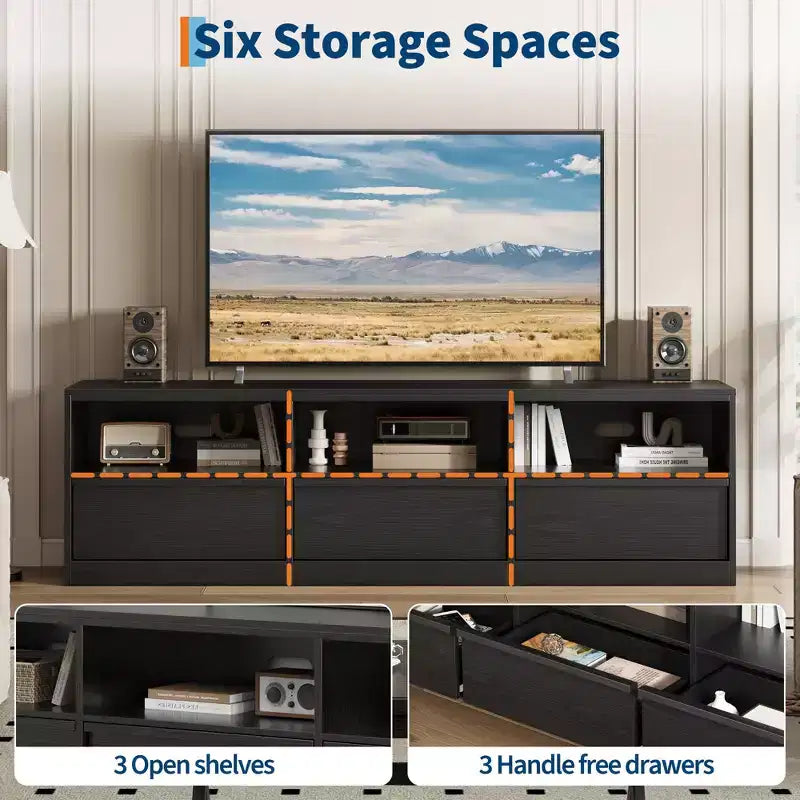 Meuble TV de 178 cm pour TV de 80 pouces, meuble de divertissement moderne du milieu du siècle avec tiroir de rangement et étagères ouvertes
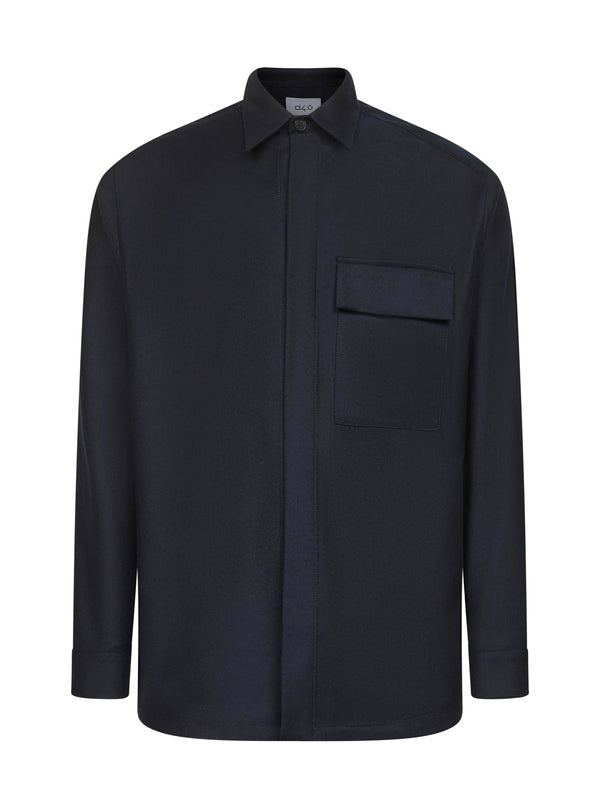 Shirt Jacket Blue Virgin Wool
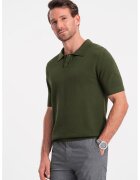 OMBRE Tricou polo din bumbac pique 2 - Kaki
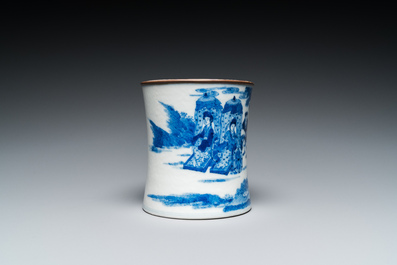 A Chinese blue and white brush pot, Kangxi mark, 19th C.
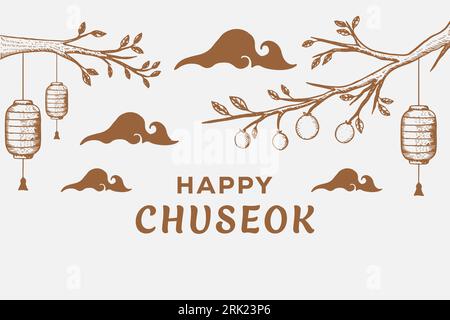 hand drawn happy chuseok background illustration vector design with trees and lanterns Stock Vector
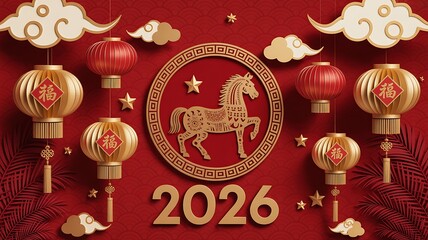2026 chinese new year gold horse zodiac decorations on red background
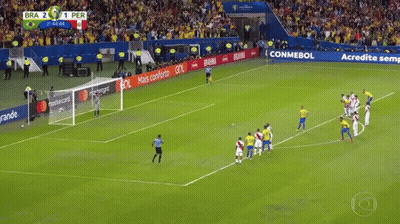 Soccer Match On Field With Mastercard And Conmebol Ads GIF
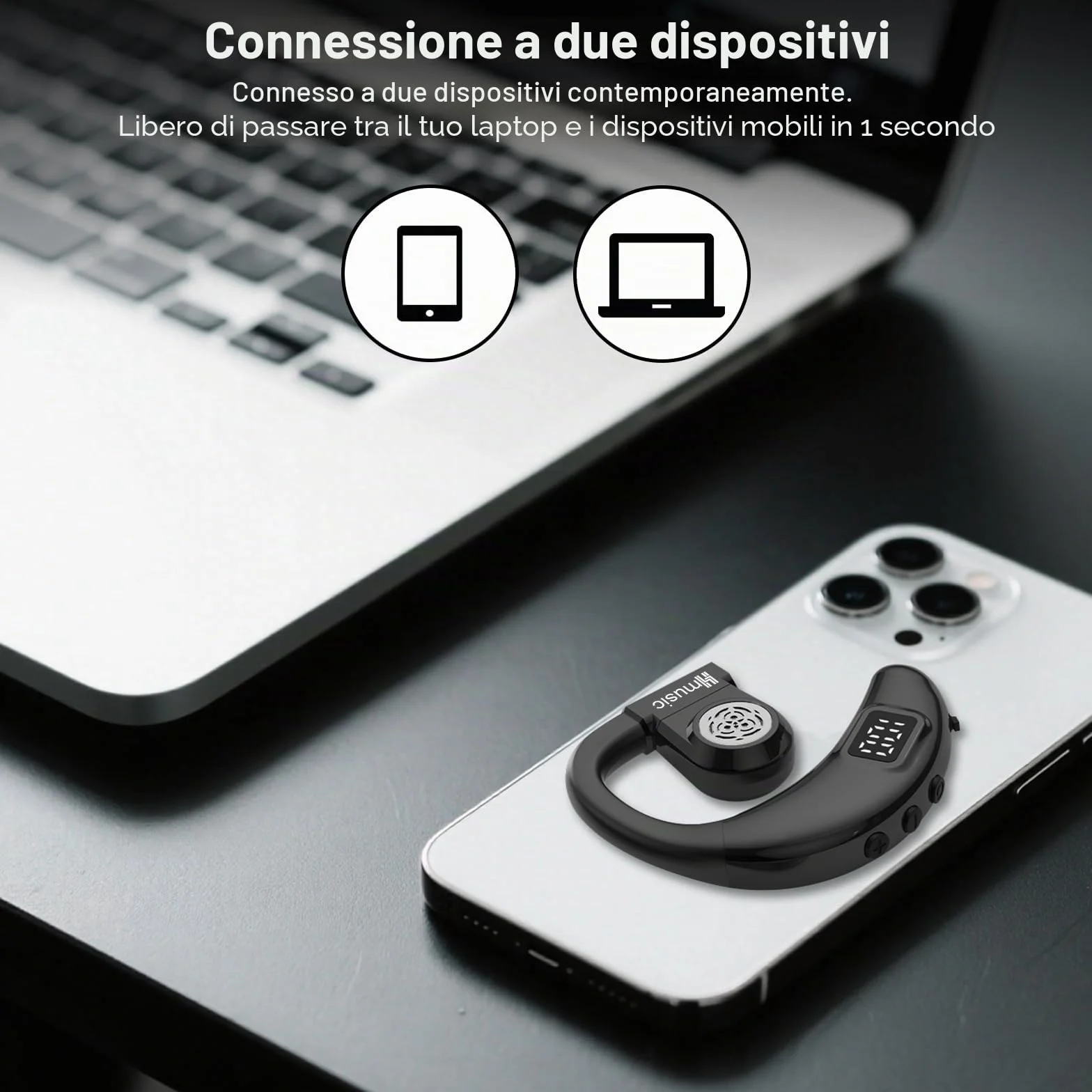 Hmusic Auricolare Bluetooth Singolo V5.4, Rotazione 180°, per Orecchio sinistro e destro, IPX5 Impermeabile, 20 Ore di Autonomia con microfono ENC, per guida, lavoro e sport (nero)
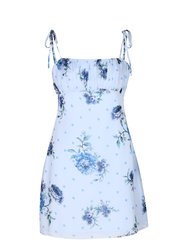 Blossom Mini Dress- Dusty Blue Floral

■ ■ ■

* **TO DO**
Skip the pictures. Return exactly the lines from the one containing "2026 chinese new" through the end of the data above, both included, and nothing besides.

* **RESPONSE BOX**
2026 chinese new year gold horse zodiac decorations on red background
 Soccer Match On Field With Mastercard And Conmebol Ads GIF
 Hmusic Auricolare Bluetooth Singolo V5.4, Rotazione 180°, per Orecchio sinistro e destro, IPX5 Impermeabile, 20 Ore di Autonomia con microfono ENC, per guida, lavoro e sport (nero)
 Blossom Mini Dress- Dusty Blue Floral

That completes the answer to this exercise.